The appeal of a price target is easy to understand. We buy a stock, set a price target, and then go to the beach while we wait for it to hit. It relieves us of the burden of having to deal with the stock at all. Since targets are obviously so effective, we don’t need to do anything else.

The main reason people like targets is because they like to wish, hope, and dream. “I’m going to make $X when this price target finally hits,” they think. The biggest problem with a price target, however, is it creates the illusion that you don’t have to continue to manage a trade. The price target is used as evidence of great fundamentals even after conditions have shifted. That can be a source of tremendous losses for many traders.

Predicting what the indexes are going to do is just another form of price target and a staple of the business media. The great majority of programming we see on financial TV is dedicated to experts anxious to tell us, with great confidence, what will unfold in the months and years ahead.

The main reason these predictions are so common is that they are made without any real consequences and are encouraged for ratings. These pundits often have no money on the line, and you can bet that the predictions go out the window if they actually do have money invested.

The biggest problem with predictions is that they create an expectation.

If you make your living by trading the market rather than talking about it, you quickly realize that if all you do is make predictions, then you are very likely to have very poor results. The main problem is that predictions do not take into account “risk.” When you have real money on the line, you have to consider the consequences of being wrong, and that makes most predictions just downright foolish.


A great example of a trading methodology that does not rely on the sort of predictions so many believe are the key to trading is the CANSLIM system. CANSLIM was developed by William J. O’Neill, who founded Investor’s Business Daily.

The CANSLIM system relies heavily on trading with the market trend, but it doesn’t try to predict what the trend might be. IBD changes its market outlook in a highly reactive matter. Only when there is a combination of technical follow-through days, and increased volume does the system declare an uptrend. It takes a series of distribution days and technical breakdowns to put the market into a correction.

There are no predictions about what the market might do six months from now if the Fed hikes interest rates five times. There is no speculation about where the S&P 500 will be many months in the future.

The CANSLIM system is based on reacting to market conditions as they change rather than trying to predict what might happen to the market in the future.

When you have real money on the line, you have to consider the consequences of being wrong.

Real traders focus on reactive strategies that limit risk and increase the chances of making money. The primary difference between predictions and reactive strategy is flexibility. Rather than focus on one particular outcome, an astute trader considers a wide range of possible outcomes and is ready to move as conditions shift.

Embrace the Unknown

Grand predictions lead to being grandly wrong if you lack flexibility. Effective traders can’t afford that mistake. If you want attention, then make big, bold predictions, but if you actually trade that way, the cost is far too high.
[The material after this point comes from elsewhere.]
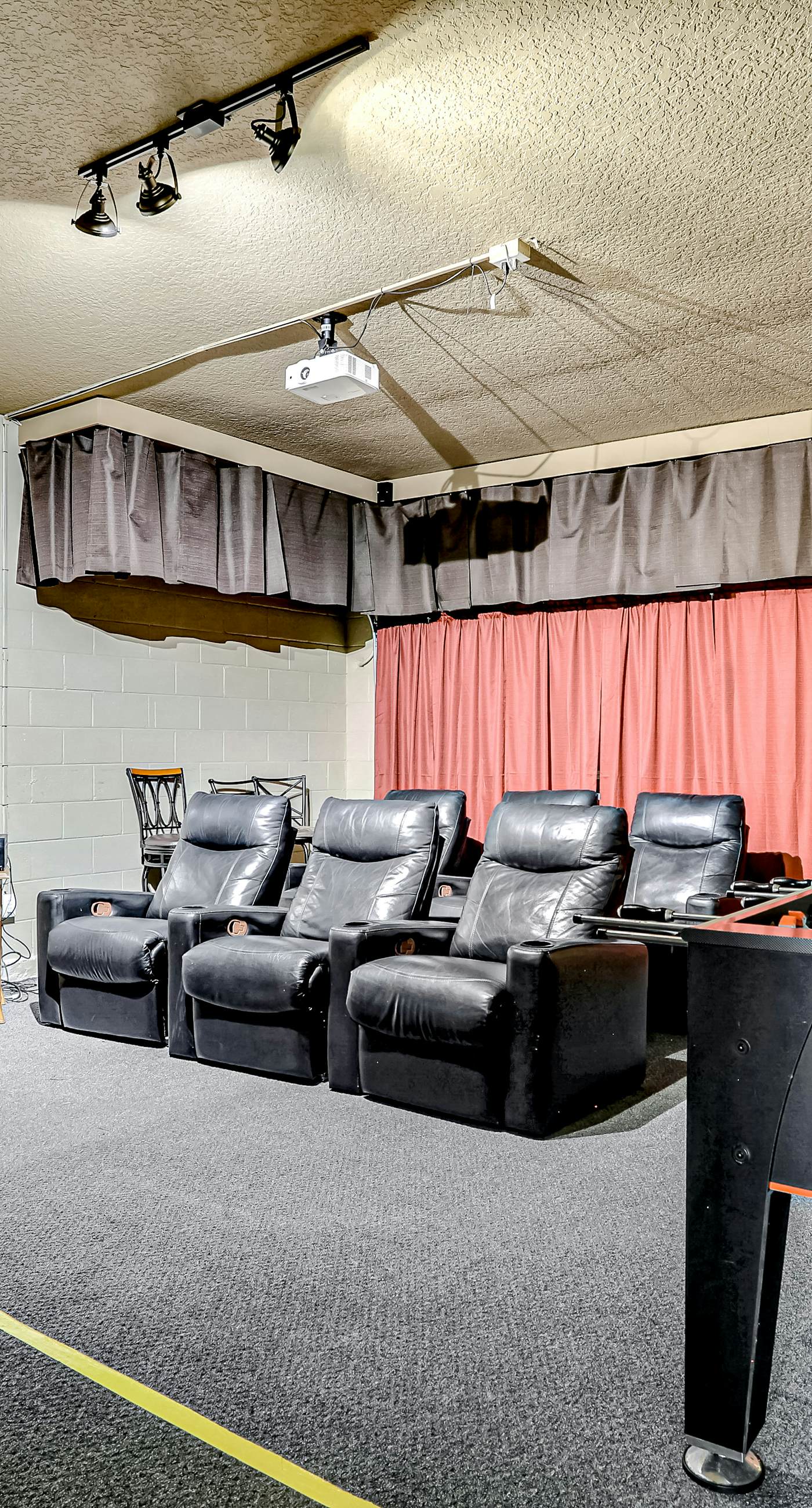 EMI106-2752-7-P-Sunny and Serene - Emerald Island Resort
The prediction business is booming right now because everyone has an opinion about the impact of the highest inflation in 40 years and the most hawkish Fed in decades. It is natural to contemplate how this will unfold, but it is a mistake to let those predictions drive your short-term trading.

The market is not going to do the simple and logical thing that many think it will do. It is going to have all sorts of twists and turns along the way, and if you are dogmatic about making predictions, you will be unable to navigate them effectively.

Embrace the idea that you don’t know what the future holds. Deal with what is in front of your face, and be prepared to react and reposition as conditions change.

Over a long period of time, aggressive reactions will always beat predictions. Just look at the CANSLIM model if you want proof.